(Listed entries)

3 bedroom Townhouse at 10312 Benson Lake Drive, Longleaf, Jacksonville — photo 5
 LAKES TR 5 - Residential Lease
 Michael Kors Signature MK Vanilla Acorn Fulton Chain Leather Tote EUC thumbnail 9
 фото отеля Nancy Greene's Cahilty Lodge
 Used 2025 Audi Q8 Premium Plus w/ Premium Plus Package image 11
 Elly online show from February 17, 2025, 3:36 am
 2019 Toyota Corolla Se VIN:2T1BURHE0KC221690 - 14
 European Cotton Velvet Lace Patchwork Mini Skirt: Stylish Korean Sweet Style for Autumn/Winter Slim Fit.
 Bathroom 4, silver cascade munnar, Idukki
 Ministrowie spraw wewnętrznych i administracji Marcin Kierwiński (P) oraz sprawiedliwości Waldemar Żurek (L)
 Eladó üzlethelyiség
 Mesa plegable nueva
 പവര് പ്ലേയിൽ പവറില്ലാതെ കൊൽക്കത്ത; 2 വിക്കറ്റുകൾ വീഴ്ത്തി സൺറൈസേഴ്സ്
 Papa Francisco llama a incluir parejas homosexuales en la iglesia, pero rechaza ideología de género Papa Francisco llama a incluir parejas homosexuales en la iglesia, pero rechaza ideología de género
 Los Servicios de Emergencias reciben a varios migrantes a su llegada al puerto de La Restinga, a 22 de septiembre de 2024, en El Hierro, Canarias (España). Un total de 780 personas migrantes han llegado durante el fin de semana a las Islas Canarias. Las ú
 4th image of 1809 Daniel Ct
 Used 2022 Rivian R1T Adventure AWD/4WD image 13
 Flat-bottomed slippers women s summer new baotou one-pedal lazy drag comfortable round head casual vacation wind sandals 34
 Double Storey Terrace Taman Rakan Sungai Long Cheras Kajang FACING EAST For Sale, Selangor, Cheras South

(End Listed entries)

Problem: This task calls for an exact reproduction of the lines that start at the one containing "Bathroom 4, silver cascade munnar, Idukki" and continue to the end of the entries above.

Result of this task:
 Bathroom 4, silver cascade munnar, Idukki
 Ministrowie spraw wewnętrznych i administracji Marcin Kierwiński (P) oraz sprawiedliwości Waldemar Żurek (L)
 Eladó üzlethelyiség
 Mesa plegable nueva
 പവര് പ്ലേയിൽ പവറില്ലാതെ കൊൽക്കത്ത; 2 വിക്കറ്റുകൾ വീഴ്ത്തി സൺറൈസേഴ്സ്
 Papa Francisco llama a incluir parejas homosexuales en la iglesia, pero rechaza ideología de género Papa Francisco llama a incluir parejas homosexuales en la iglesia, pero rechaza ideología de género
 Los Servicios de Emergencias reciben a varios migrantes a su llegada al puerto de La Restinga, a 22 de septiembre de 2024, en El Hierro, Canarias (España). Un total de 780 personas migrantes han llegado durante el fin de semana a las Islas Canarias. Las ú
 4th image of 1809 Daniel Ct
 Used 2022 Rivian R1T Adventure AWD/4WD image 13
 Flat-bottomed slippers women s summer new baotou one-pedal lazy drag comfortable round head casual vacation wind sandals 34
 Double Storey Terrace Taman Rakan Sungai Long Cheras Kajang FACING EAST For Sale, Selangor, Cheras South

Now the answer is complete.